心と体は他にも多くの形で相互に作用します

 対人的なストレスや精神的なストレスは、糖尿病、冠動脈疾患、喘息など多くの身体疾患を悪化させることがあります。また、そのようなストレスによって身体症状が生じたり、悪化したり、長引いたりする場合があります。

 ストレスは、身体疾患がない場合でも身体症状を引き起こすことがあります。恐怖に直面して心拍数や血圧が高くなるのと同様に、感情的ストレスに対する体の自動的な反応として身体症状が現れる場合もあります。

 悲嘆に暮れている人が胸に痛みを感じるように、感情的な経験の影響が身体症状に現れることがあり得ます。また、身体症状が他者の痛みとの一体感を反映していることもあります。たとえば、家族や友人が心臓発作を起こした後で、自分も胸に痛みを感じるといった場合です。

 ストレスや精神症状から生じる身体症状は、重大な精神疾患が根底にない人も含め、だれにでも生じる可能性があります。このような身体症状は、とんどが軽度で一過性です。身体症状は診断が難しく、原因となり得る身体疾患の可能性を否定するためには、さまざまな診断検査が必要となります。

 心理的な要因が病気の経過に影響を及ぼすこともあります。たとえば、高血圧の人が「自分はそんな病気ではない」と言い張ったり、病気の重篤度を否定したりすることがあります。この「否認」は不安の軽減に役立つ防御機構の役割を果たしています。しかし、患者に病気を否定する気持ちがあると治療への参画は適いません。たとえば、処方された薬を服用せず、結果的に病気が悪化することがあります。

 心身症の場合とは逆に、身体疾患が精神状態に影響を及ぼしたり、その誘引となることもあります。例として、命にかかわる病気、再発性の病気、あるいは慢性疾患が誘因となって、うつ病になるなどがあります。うつ病の影響で身体疾患の症状が悪化する悪循環に陥ることもあります。

 身体表現性障害には複数の精神疾患が含まれます。患者は、体の症状を訴えるか、体の症状を示唆するがそれだけでは全てを説明できない不安を訴える、あるいは、些細で、ほとんどありもしない外見上の欠陥にとらわれます。このような症状や不安が多大な苦痛を引き起こしたり、日常生活に支障を来したりする場合は病気とみなされます。

 身体表現性障害は、以前は心身症と呼ばれていたものが含まれます。

 身体表現性障害には、身体醜形障害、転換性障害、心気症、身体化障害、疼痛障害などがみられます。小児にも発症することがあります。

 

臨床所見

 身体化障害は男性よりも女性にはるかに多く、通常成人早期に始まります。主要な病像は多発性で繰り返し起こり、しばしば変化する身体症状であり、適切な検索を行っても、既知の身体疾患や物質の直接的作用として十分に説明できない複数の身体症状が多年にわたって持続します。

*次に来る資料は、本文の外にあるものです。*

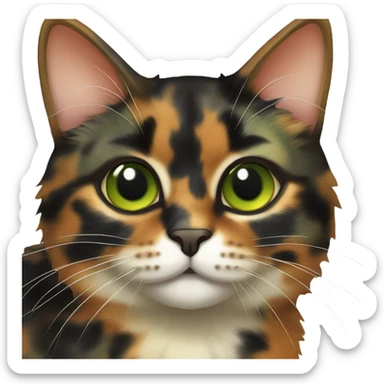 Tortoiseshell cat with green eyes sticker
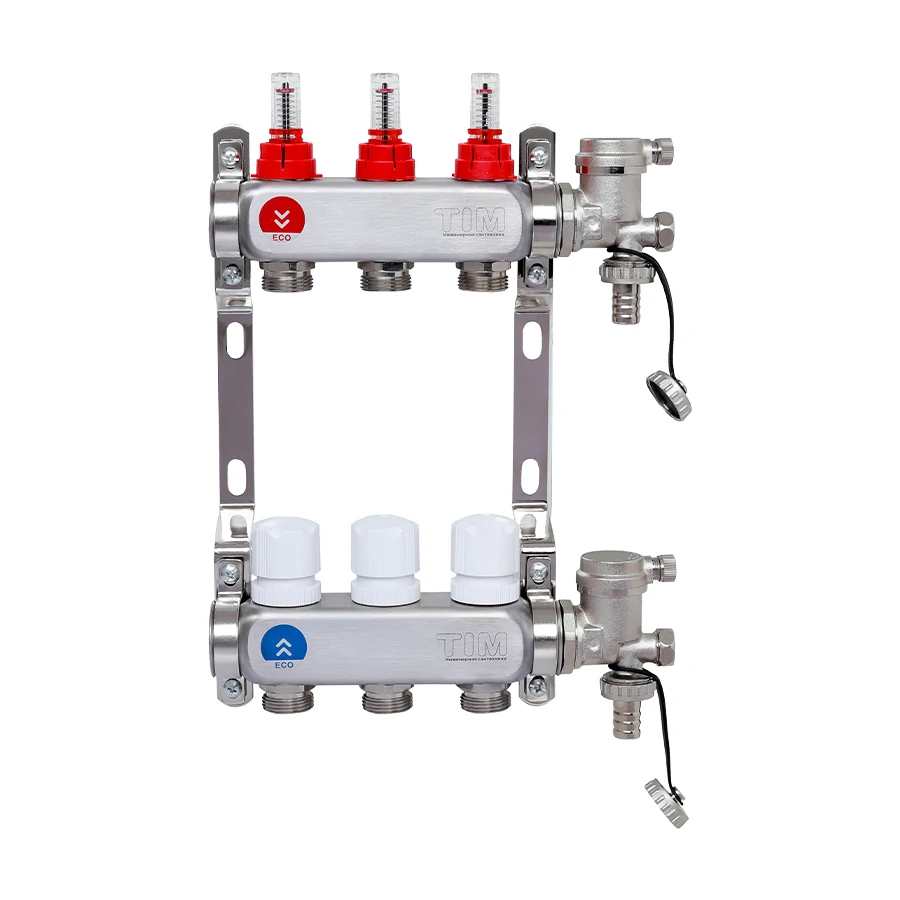 Коллекторный блок из нержавеющей стали с регулирующими клапанами и расходомерами 1*3/4 ЕК - 12 выход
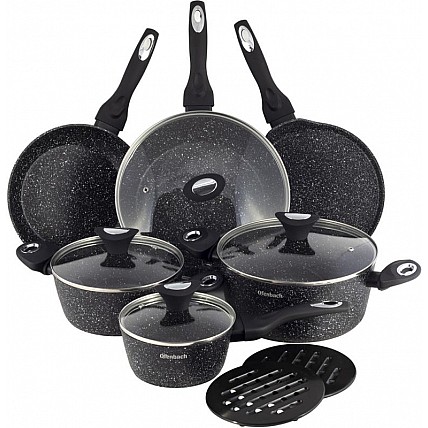Набор кухонной посуды Ofenbach "Black Marble" 12 предметов, индукция с антипригарным покрытием NB-100520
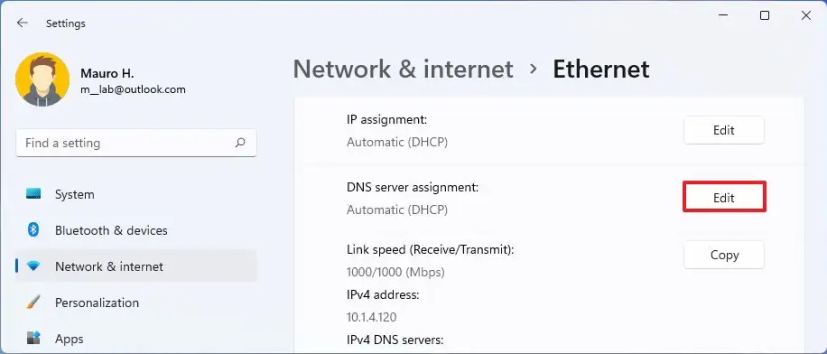 Asignación de servidor DNS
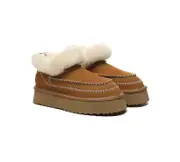 AUSTRALIAN SHEPHERD® UGG Boots Women Sheepskin Wool Collar Ankle Platform Mini Santana - Chestnut / AU Ladies 5 / AU Men 3 / EU 36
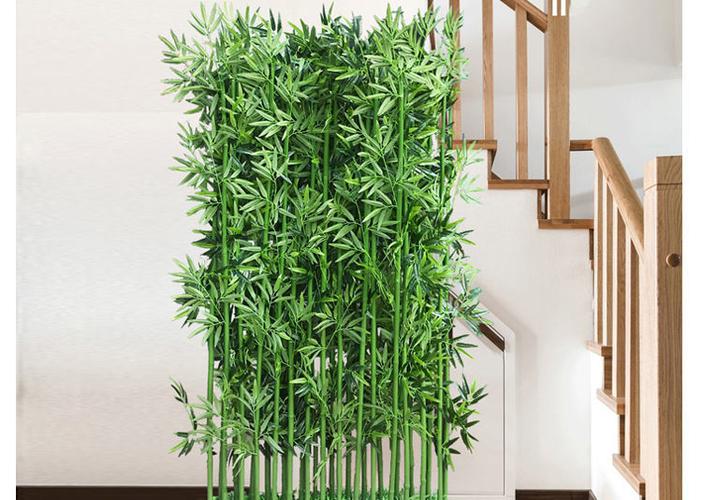 仿真竹子装饰假竹子隔断挡墙屏风塑料竹子室内仿真绿植物盆栽装饰绢布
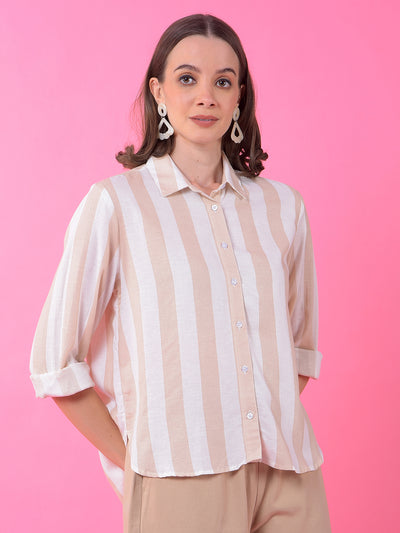 Beige Vertical Stripes Linen Shirt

 心気症の本質的な病像は、1つあるいは少数の重篤で進行性の身体疾患に羅患している可能性への頑固なとらわれです。男性と女性どちらにも生じ、患者は執助に身体的愁訴を示します。

検査所見

 いずれの身体表現性障害においても、臨床検査の結果、主観的な愁訴を裏づける所見が欠如している点が特徴的です。しかし、たとえば心理的要因と一般身体疾患の両方に関連した疼痛性障害の場合には、適切な臨床検査によって疼痛と関連した病理が明らかとなることがあります(例:根性の腰痛のある患者様におけるMRIの腰椎椎間板ヘルニアの所見)。

 

診断

 身体表現性障害の診断作業における最も重要なポイントは除外診断であり、患者の愁訴の原因となっている身体疾患を見逃さないことです。さらに、身体症状の目立つ患者であっても、精神疾患として気分障害、不安障害、発達障害、認知症などが背景にあることは少なくなく、これらを鑑別・除外することで初めて診療方針が決まります。

 

治療法

 治療者は疼痛性障害患者の立場に立って、そのつらさや苦しみを共感的に受け止める必要があります。治療開始前に、病名、状態、治療方針、経過の予測などを、治療者側が把握できる範囲で説明し、治療の同意を得ることが重要です。

 治療は、痛みが完全になくなることではなく、ある程度の持続的な痛みに対処できるようになることへと、患者の目標を変えることから始まります。

 ほかの身体表現性障害と同様に、疼痛性障害患者への薬物療法の効果は限定的です。向精神薬のなかで比較的効果が期待できる抗うつ薬に関して、患者様の疼痛性障害の病態機序の一部に神経因性疼痛などの器質的要因が介在する場合には、抗うつ作用よりも早期かつ少量で鎮痛作用が発現する傾向があります。このような患者に対しては、セロトニン・ノルアドレナリン再取り込み阻害薬(SNRI)あるいは三環系抗うつ薬の効果が期待できます。

 薬物依存・せん妄・奇異反応などの有害事象には十分配慮したうえで、不安が強い患者に抗不安薬、睡眠障害がみられる患者様に睡眠導入薬の必要最小限の投与量・期間の処方を検討します。

 疼痛性障害を含む慢性疼痛患者の診療担当医師に望まれることを下記にあげます。
 まず、患者の疼痛を受容する
 痛みの機序や薬効を簡潔に説明する(疾病教育)
 ストレス管理・対処を意識する(認知行動療法、環境調整)
 治療同盟の構築: 「協力して治療にあたりましょう」
 ほどよい楽観主義が望ましい: 「お力になりますよ」
 プラセボ効果を活用する

 

経過と予後

 いずれの身体表現性障害においても、症状は慢性に経過することが多いのですが、とくに患者に知的障害や物質依存が併存する場合、患者が心因の関与を否定する場合は、難治で治療抵抗性であることが多いのです。